Xuan (Tan Zhi Xuan)
Xuan (Sh-YEN, IPA: ɕɥɛn) is a PhD student at MIT in the Computational Cognitive Science and Probabilistic Computing research groups. Their current research focuses on inferring the hidden structure of human motivations by modeling agents as probabilistic programs, in the hope of aligning AI with the higher-order goals, values, and principles that humans strive (in part) to live by.
Many Julia libraries implement stochastic simulators of natural and social phenomena, but they are not generally amenable to Bayesian inference. In this talk, we present Genify.jl, which transforms these simulators into the Gen probabilistic programming system via compiler injection, allowing us to compute likelihoods, constrain random variables to specific values, and update these values for Monte Carlo inference, thereby enabling Bayesian inference over a wide range of existing Julia code.

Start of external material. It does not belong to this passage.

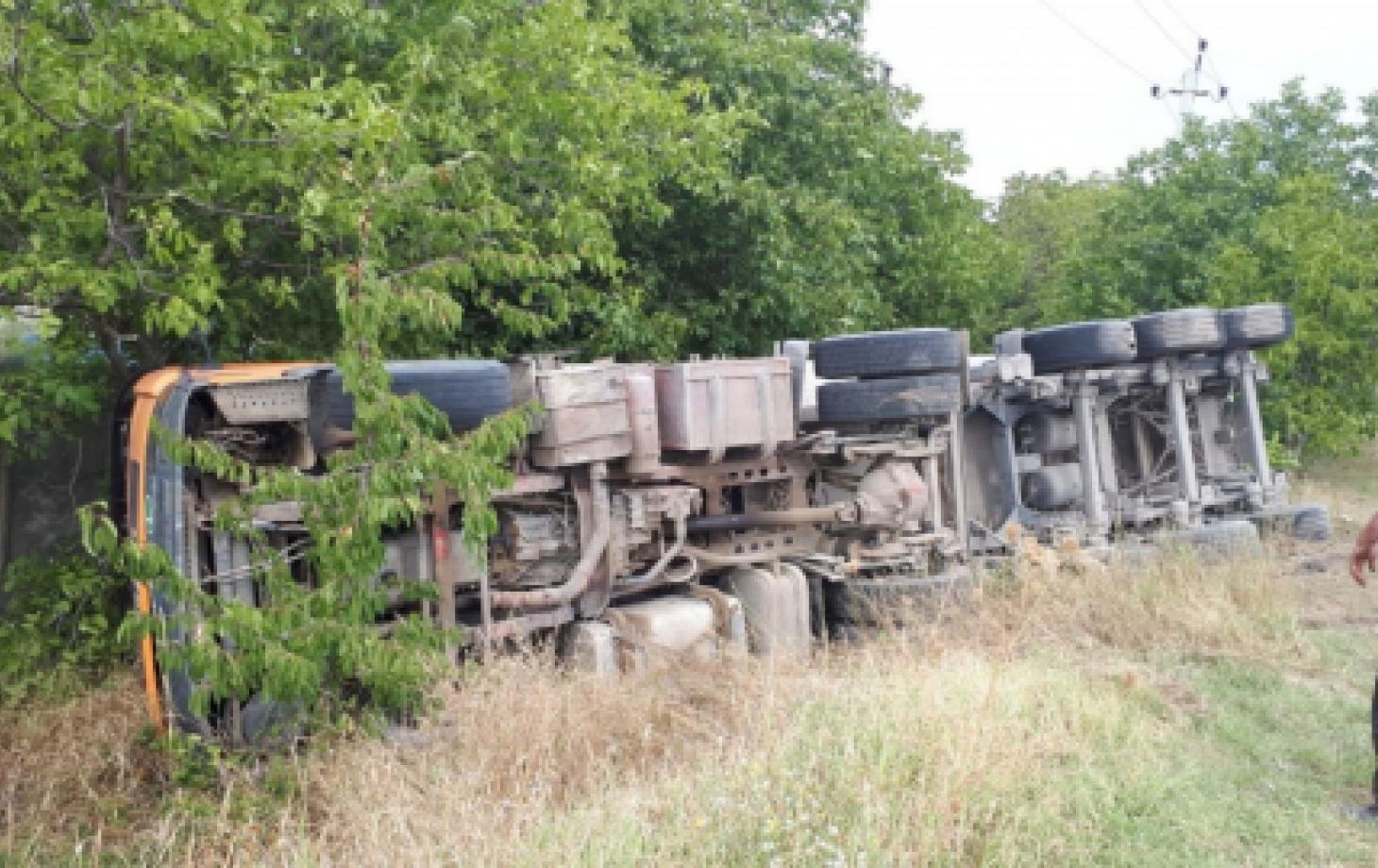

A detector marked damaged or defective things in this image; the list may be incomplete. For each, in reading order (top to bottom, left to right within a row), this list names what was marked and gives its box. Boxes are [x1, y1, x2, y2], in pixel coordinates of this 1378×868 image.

overturned truck [112, 304, 1317, 743] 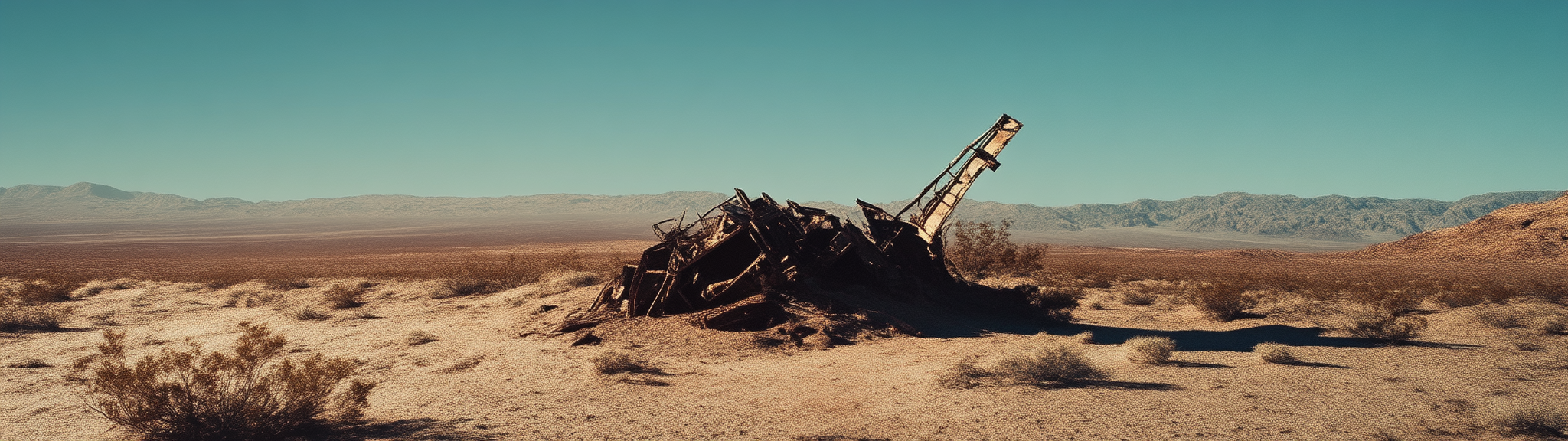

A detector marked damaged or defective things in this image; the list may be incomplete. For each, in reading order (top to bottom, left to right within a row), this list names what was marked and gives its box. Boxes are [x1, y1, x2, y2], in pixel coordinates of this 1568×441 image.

The Julia community aims to be welcoming, diverse, inclusive towards people from all backgrounds. However, the 2020 Julia User & Developer Survey found that only 3% of respondents were women, and reported no respondents who were non-binary or another gender. We, Julia Gender Inclusive, believe this needs to change. In this talk, we will share our ideas and initiatives for improving gender diversity among Julia users and developers, including outreach, community building, and mutual support.
Julia Gender Inclusive is an initiative that came to life from a focus group that has been working on diversity in the Julia community for the last year. We are a group of people whose gender is underrepresented in the community and aim at providing a supportive space for all gender minorities in the Julia community. Through a BoF session we wish to discuss what we are doing and what we hope to do in the future with other people whose gender is underrepresented or allies willing to support us.
Julog.jl is a library and domain-specific language for Prolog-like logic programming in Julia. This lightning will introduce logic programming at a high level, how Julog can be used to solve first-order logic problems, how its functionality can be integrated with custom Julia functions, downstream use cases, and some next steps for making logic and constraint programming fast and accessible for Julia users.